A note about the WindowFunction

The DataStream API of Flink 1.5 features the WindowFunction interface. WindowFunction has been superseded by ProcessWindowFunction and will not be discussed here.

Example 6-22 shows the interface of the ProcessWindowFunction.

Example 6-22. The interface of the ProcessWindowFunction.

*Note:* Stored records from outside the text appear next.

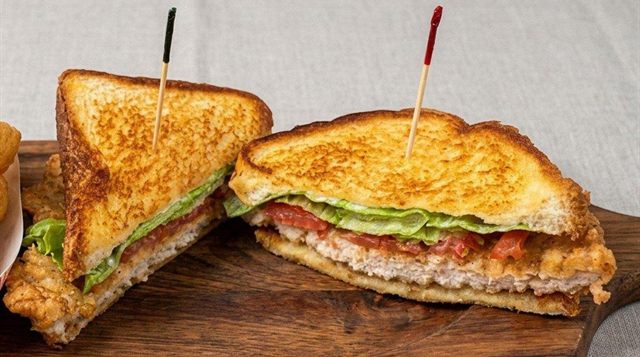 Country fried steak sandwich on toasted bread with lettuce and tomato at Betty's Bar-B-Q in Anniston, AL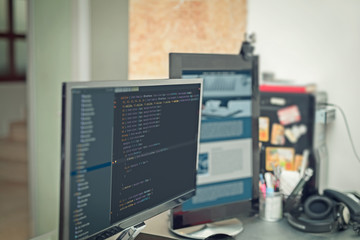 web site codes on computer monitor ar office
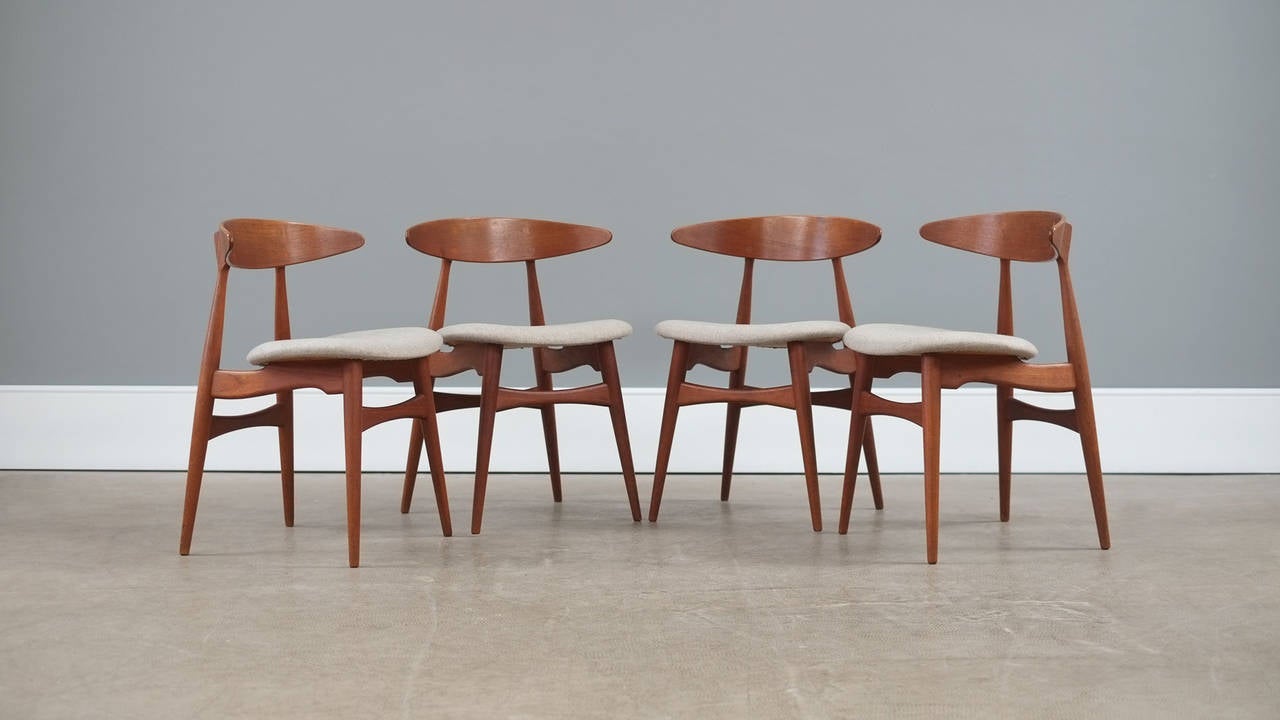 Rare and beautiful set of CH33 chairs in teak designed by Hans Wegner for Carl Hansen, Denmark. Amazing and super sculptural chairs with great exposed joint details. These examples in fantastic original condition with new woolen upholstery seats are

public abstract class ProcessWindowFunction<IN, OUT, KEY, W extends Window> 
    extends AbstractRichFunction {

  // Evaluates the window.
  void process(KEY key, Context ctx, Iterable<IN> vals, Collector<OUT> out) throws Exception;

  // Deletes any custom per-window state when the window is purged.
  public void clear(Context ctx) throws Exception {}

  // The context holding window metadata.
  public abstract class Context implements Serializable {
      
    // Returns the metadata of the window
    public abstract W window();

    // Returns the current processing time.
    public abstract long currentProcessingTime();

    // Returns the current event-time watermark.
    public abstract long currentWatermark();

    // State accessor for per-window state.
    public abstract KeyedStateStore windowState();

    // State accessor for per-key global state.
    public abstract KeyedStateStore globalState();

    // Emits a record to the side output identified by the OutputTag.
    public abstract <X> void output(OutputTag<X> outputTag, X value);
  }
}

The process() method is called with the key of the window, an Iterable to access the elements of the window, and a Collector to emit results. Moreover, the method has a Context parameter similar to other process methods. The Context object of the ProcessWindowFunction gives access to meta data of the window, the current processing time and watermark, state stores to manage per-window and per-key global state, as well as side outputs to emit records.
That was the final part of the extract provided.